Ce livre à sa parution en français a fait forte impression :
https://www.babelio.com/livres/Stern-Deni--Memoire-sur-la-terreur/1190160
Karima LAZALI une application particulière aux relations franco-algériennes ?
L'autrice est ici une psychanalyste qui exerce à la fois en France et en Algérie. Contrairement à Jessica Stern qui note scrupuleusement tous les détails de ses rencontres et réactions personnelles, l'autrice se place en retrait et refuse de donner le matériel clinique sur lequel elle s'appuie afin de préserver l'anonymat de ses analysants.
Elle choisit également de s'appuyer sur les historiens et sur les auteurs de fiction afin de nourrir son analyse.
Ces partis pris et les références lacaniennes de sa pratique tracent les limites de son entreprise. Malgré un programme alléchant, on va rester dans des généralités un peu loin du terrain et peu éclairantes hélas !
Ainsi de la notion de "fratricides" mise à toutes les sauces dans un cadre lacanien et servant à expliquer aussi bien le fonctionnement du FLN que celui des islamistes du FIS (le bien-nommé de ce point de vue ... comme elle ose le souligner !)
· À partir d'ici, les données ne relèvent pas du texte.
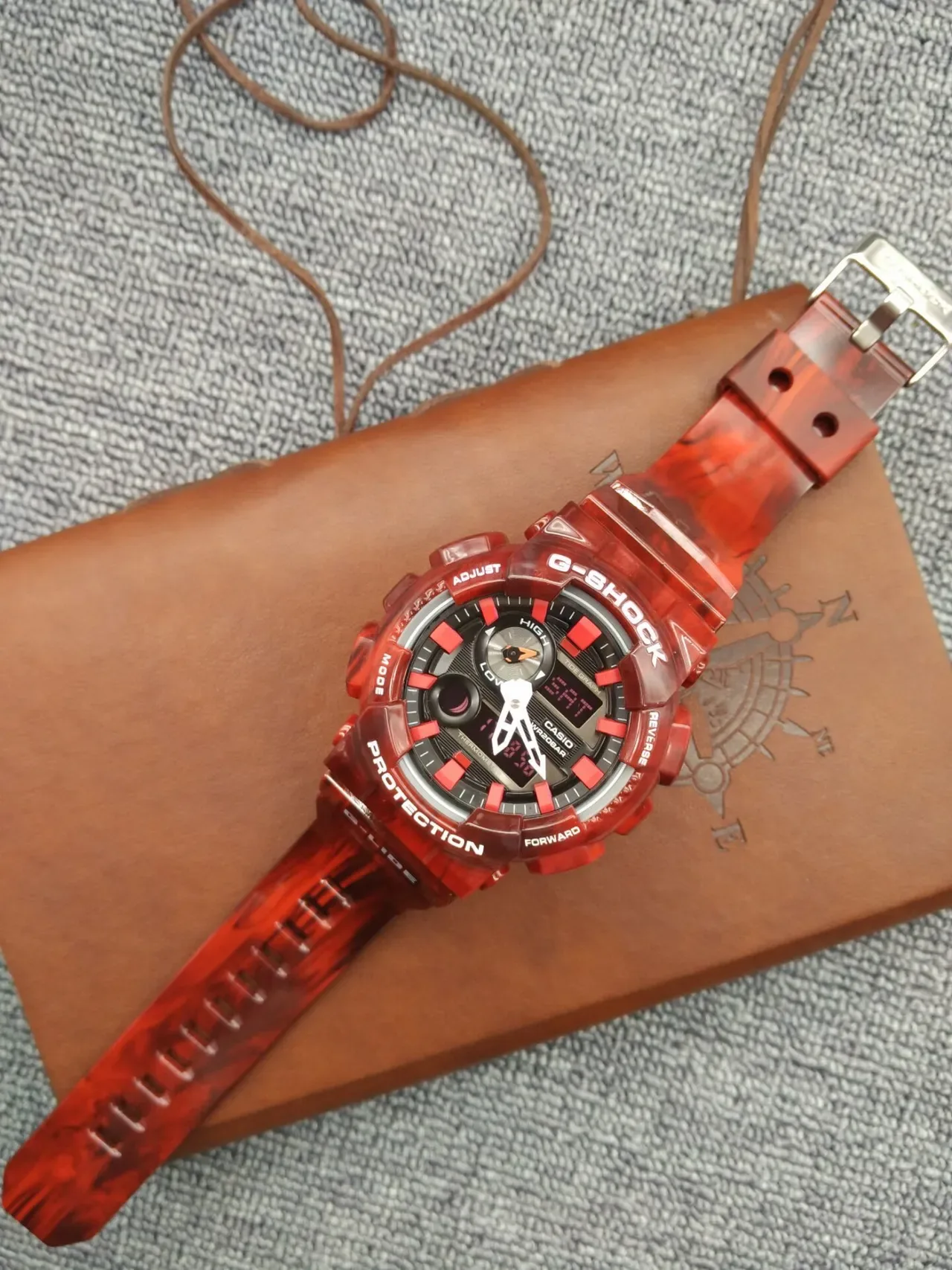 Casio G-Shock 半透明大理石纹红色运动手表 10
La question du nom patronymique, également abordée, est également passée au tamis lacanien.
Ainsi, la référence à Frantz Fanon, qui lui au moins s'appuyait clairement sur des cas cliniques, apparaît comme abusive.
Nous avons juste droit à une histoire politique de l'Algérie que l'on peut trouver ailleurs sans les considérations psychanalytiques théoriques de type lacanien qui l'alourdissent sans l'éclairer.
Un livre décevant et inutile de mon point de vue.